The Plainfield riots was one of 159 race riots that swept cities in the United States during the "Long Hot Summer of 1967". This riot was a series of racially charged violent disturbances that occurred in Plainfield, New Jersey, which mirrored the 1967 Newark riots in nearby Newark.

Background

Two days after some African Americans began protesting and rioting in Newark in 1967, the Plainfield riots began. Plainfield is located about 18 miles southwest of Newark, and about a third of Plainfield's 48,000 citizen were African Americans then. Tensions remained high that summer through the night of Friday, July 14 when a fight broke out at a local diner, The White Star. Afterwards, about 40 young black men left the diner and marched back to their housing project in the West End section of Plainfield. They vented their anger along the way by smashing store windows and throwing rocks at police cars. When the local police showed up in force, the group dispersed.

The White Star Diner, which still stands today,[1] was depicted by artist Casey Ruble in 2015.[2][3]

The riot

On Saturday night trouble started again. Many long time residents of Plainfield claimed that "outside agitators" who did not live in Plainfield came into the city to provoke violence and to "rile up" the community. Some were white men and some were black men and the hatred they fanned was infectious. Rioting and looting increased and Molotov cocktails were thrown at fire trucks responding to calls. Police from surrounding jurisdictions were called in and the crowds finally dispersed when a heavy rain started to fall early Sunday morning.

On Sunday afternoon several hundred people gathered at Green Brook Park to hear the local Director of Human Relations talk about the situation in the city. The Union County, New Jersey Park Police, who had jurisdiction over the park, declared the meeting unlawful and ordered the crowd to disperse. Some reported that the police dismissively referred to the gatherers as "boys" in urging them to leave the park, which was taken as racially inflammatory and may have led to anger.

[4][5][6][7]

The crowd broke up and reformed in the West End section of Plainfield where widespread rioting started again. The city police were caught off guard and did not respond quickly enough to quell the disorder.

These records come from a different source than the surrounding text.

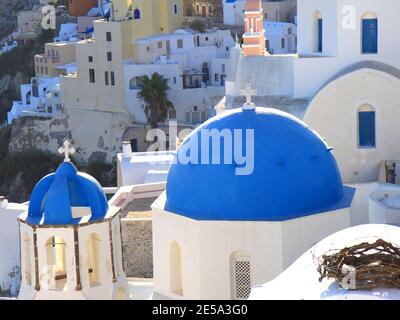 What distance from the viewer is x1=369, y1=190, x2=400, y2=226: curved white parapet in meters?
16.0

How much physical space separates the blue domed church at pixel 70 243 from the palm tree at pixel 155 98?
26468 millimetres

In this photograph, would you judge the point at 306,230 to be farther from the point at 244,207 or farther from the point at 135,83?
the point at 135,83

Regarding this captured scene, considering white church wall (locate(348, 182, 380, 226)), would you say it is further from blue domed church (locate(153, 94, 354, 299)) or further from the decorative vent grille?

Murder of Officer John Gleason

Later that evening a white police officer, John Gleason, was manning a checkpoint. Members of the white motorcycle gang known as the Pagans entered the area and a confrontation between a large group of young black men and the white members of the Pagans was brewing. Police Officer John Gleason placed himself between the two groups and the Pagan motorcycle gang left. The remaining crowd refused to disperse and Officer Gleason became surrounded by the crowd which began to threaten him and close in on him. Officer Gleason fired a shot and wounded Bobby Lee Williams. When the officer tried to leave the area to get help, he was overtaken by a mob and was beaten with a steel grocery store cart, stomped and eventually shot and killed with his own service revolver.

Middlesex arms theft

That same night in nearby Middlesex an arms factory was broken into and 46 automatic weapons were stolen.[8] The Plainfield Machine Company was a small manufacturing company owned by William Haas and William Stork that, among other things, produced M1 carbines for the civilian market. The stolen guns were passed out to the men on the streets of Plainfield that very night. The police were anxious because of the large number of guns now on the streets and the Plainfield Fire Department Station was under constant gunfire for five hours. The bullet holes in the brick facade of the building remain to this day. Finally, New Jersey National Guardsmen, in armored personnel carriers relieved the station.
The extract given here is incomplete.